On pouvait voir dans l’assistance non seulement des représentants des différents groupes d’extrême droite et fascistes, mais également des représentants du parti d’opposition conservateur en vue, le FIDESZ (Alliance des jeunes démocrates), tout comme des pasteurs des églises évangéliques et calvinistes qui agitaient des drapeaux. Lajos Für, Secrétaire d’Etat à la Défense du premier gouvernement conservateur, arrivé en 1990 au pouvoir sous le gouvernement du premier ministre Jozsef Antall, après la chute du pouvoir stalinien, a fait prêter serment aux nouvelles recrues et leur a distribué leurs documents officiels.

Les participants ont hissé un drapeau rouge et blanc du type de celui utilisé par les fascistes hongrois au cours de la Deuxième Guerre mondiale, époque où le régime dictatorial de Horthy était l’allié de l’Allemagne nazie, et ceux qui prêtaient serment portaient l’uniforme noir porté par les fascistes de cette époque. La date de cette prestation de serment n’avait pas été choisie par hasard. Le 25 août, il y a 1100 ans, l’armée hongroise avait vaincu les troupes de Bavière lors de la bataille de Bratislava.

La garde a expliqué ses intentions dans son acte de fondation. Elle désire défendre une Hongrie « physiquement, intellectuellement et spirituellement sans défense. » Il est expressément demandé à ses membres d’apprendre à utiliser des armes, une menace sans équivoque de l’utilisation de la force. Son but inclut « l’élimination » de l’actuel gouvernement soi-disant « social-libéral » dirigé par le premier ministre Ferenc Gyurcsany.

Le chef de la garde est Gabor Vona, 29 ans et président du parti d’extrême droite Jobbik (Mouvement pour une meilleure Hongrie).
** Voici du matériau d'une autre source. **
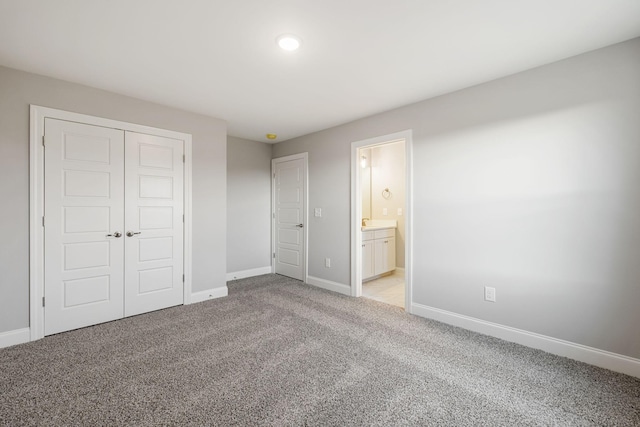 unfurnished bedroom featuring a closet, light carpet, baseboards, and ensuite bathroom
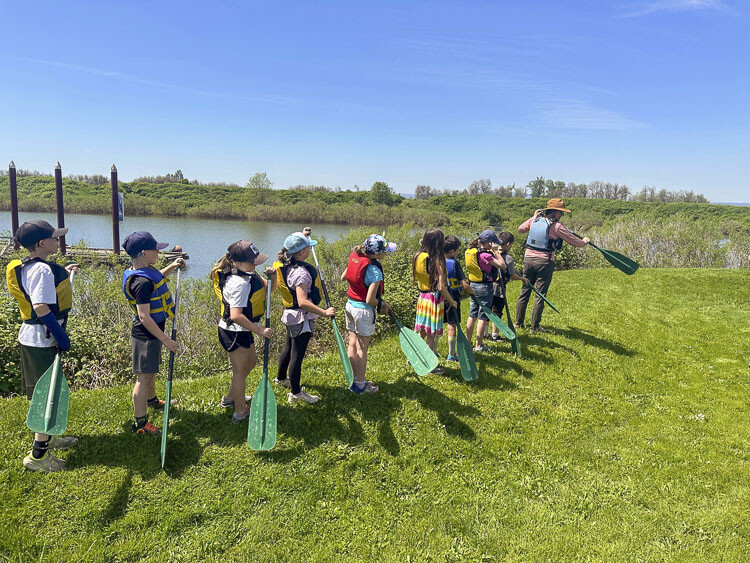 Students explored in the Columbia River in canoes fashioned to look like ones Native American tribes used. Photo courtesy Woodland School District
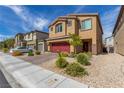 Two-story house with red garage door, landscaping, and driveway at 4036 Floating Fern Ave, North Las Vegas, NV 89084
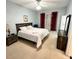 Bright bedroom featuring a king-size bed and ample closet space at 538 Bexley Dr, Davenport, FL 33897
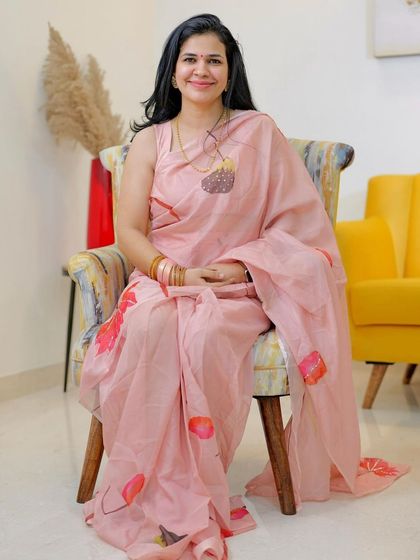 A full view of my pink hand-painted organza saree from Label L F. It's such a dreamy and artistic piece, perfect for a special occasion.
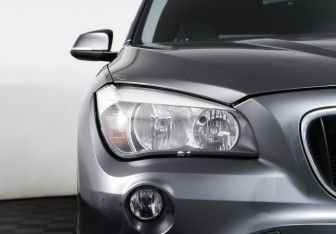 Подержанный автомобиль BMW X1 2014 года (22 фото)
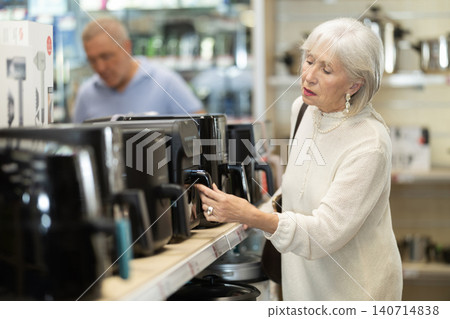 Elderly woman choosing air fryer at household appliances store Elderly woman choosing air fryer at household appliances store 140714838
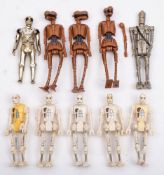 A group of Vintage Star Wars droid figures: comprising three 'EV-9D9', one 'IG-88',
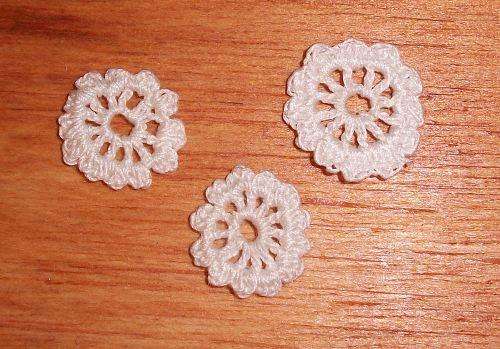 A set of three tiny doilys,white.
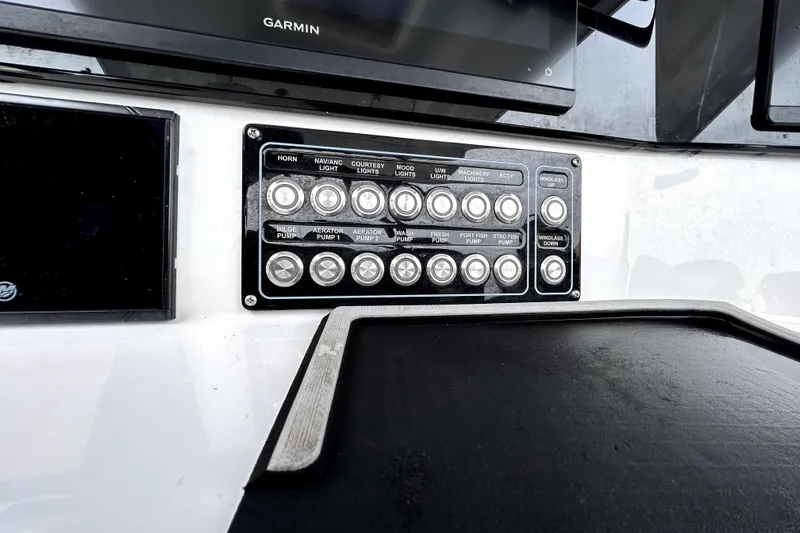 Slide: The Image of Control panel of 2024 Sea Fox 328 Commander boat with various switches and Garmin display. - 32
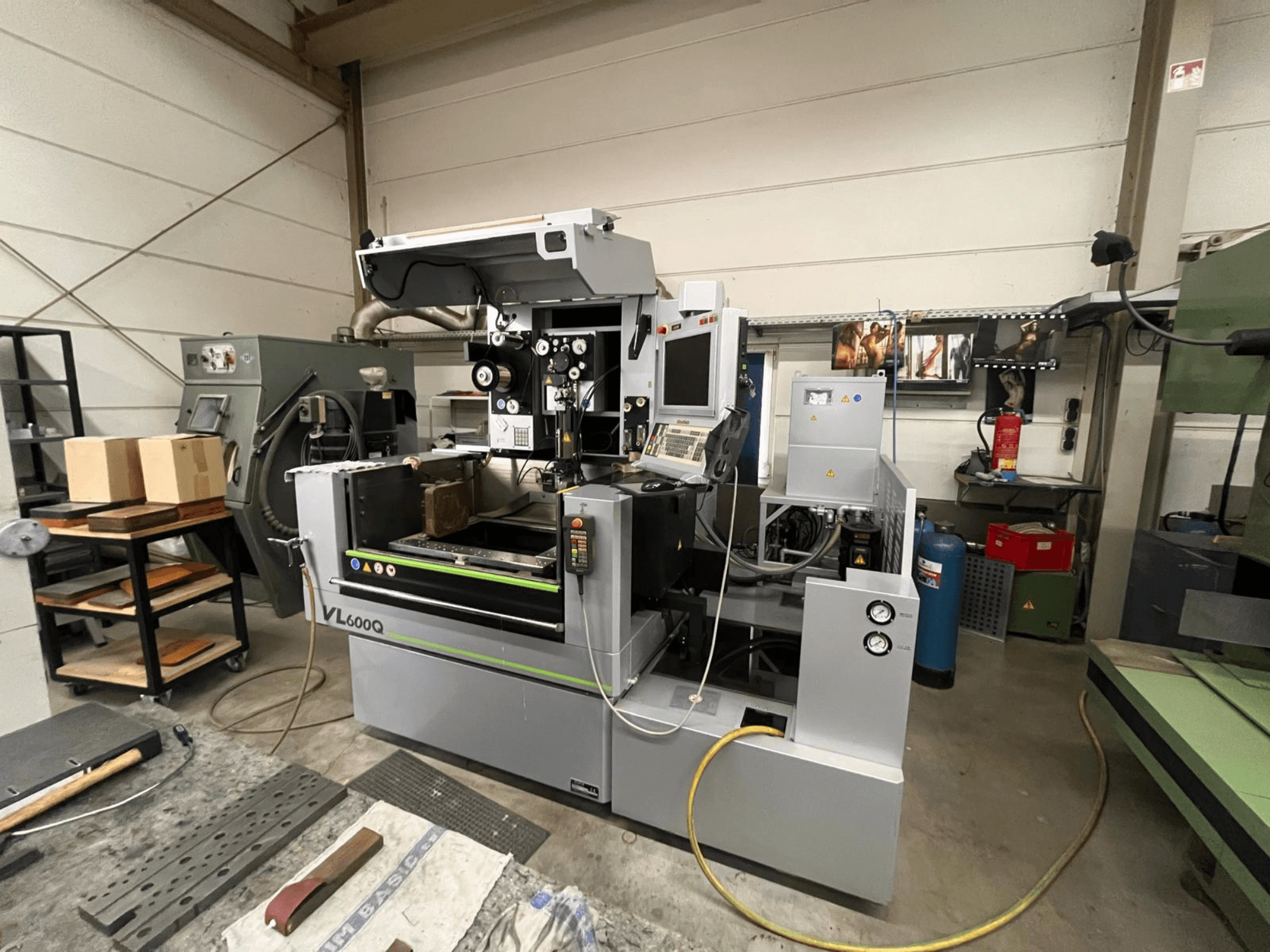 VL600Q CNC darbnīcā, skats no priekšpuses, ar vadības paneli, novietotu materiālu un dažādiem instrumentiem blakus.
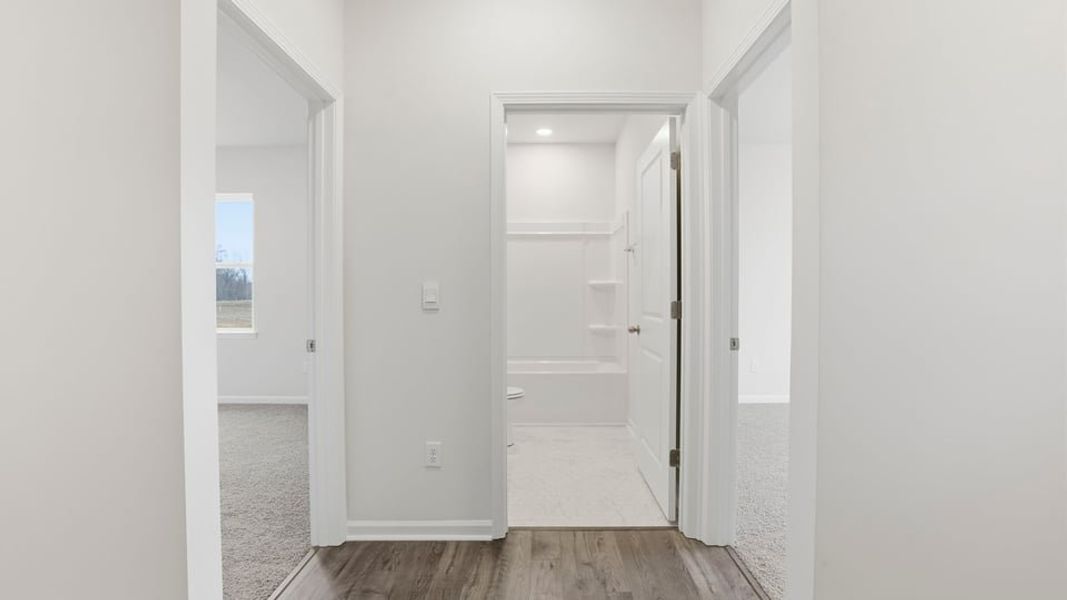 Spacious, unfurnished interior of a new home in Waverly Station, Greenwood (Image 10).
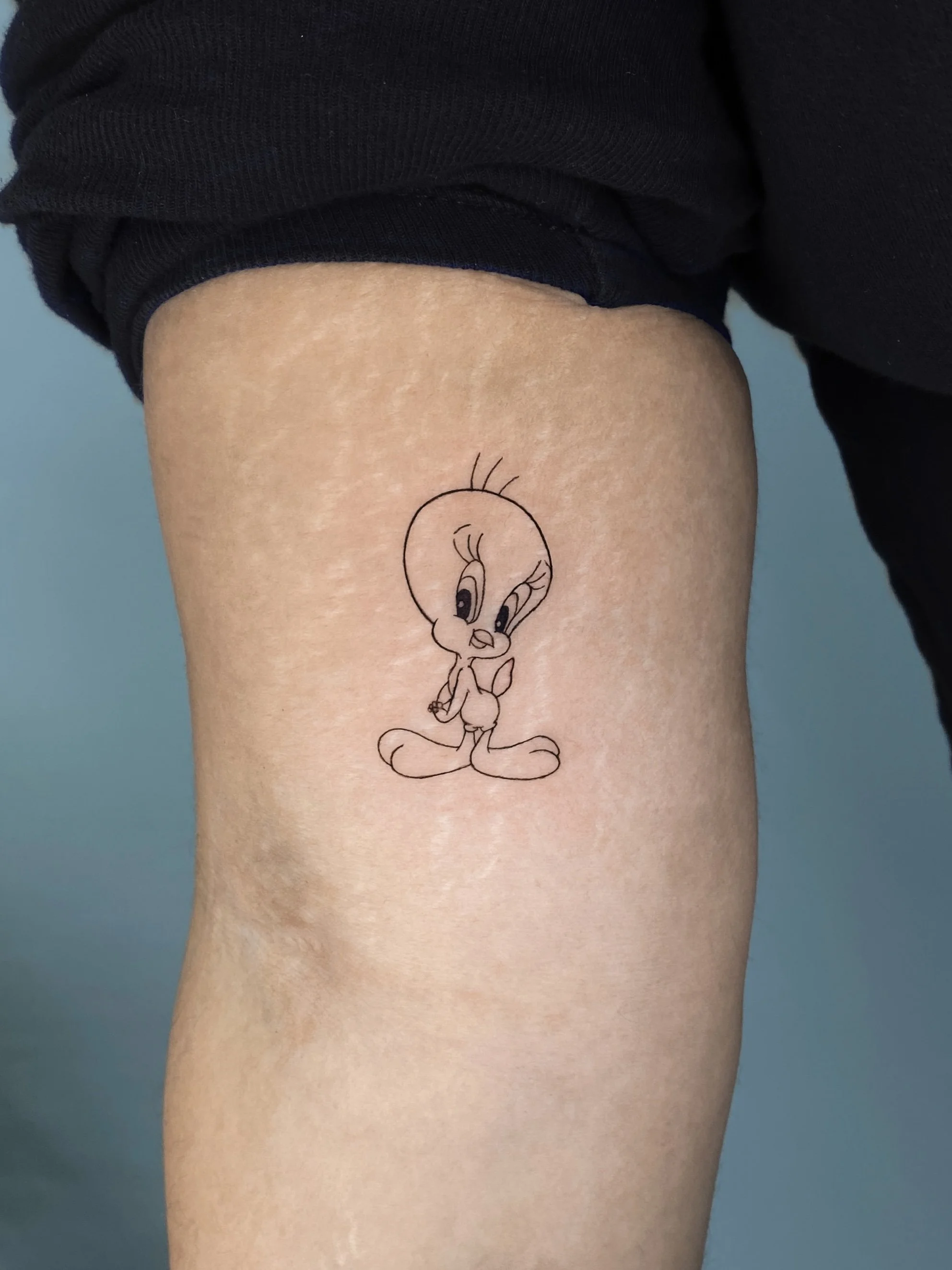 A tattoo of the cartoon character Tweety Bird on a person's thigh.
Jobbik a été créé en 1999, à partir d’un groupe d’étudiants, dirigé par David Kovacs, membre pendant de nombreuses années d’une organisation d’extrême droite, le MIEP (Parti de la vie et de la vérité). Vona, ex étudiant en histoire, avait auparavant travaillé en étroite collaboration avec l’ancien premier ministre et dirigeant de l’opposition, Victor Orban, qui avait tenté d’obtenir pour le Fidesz, le soutien des cercles d’extrême droite par la création de prétendus « secteurs de défense des citoyens. »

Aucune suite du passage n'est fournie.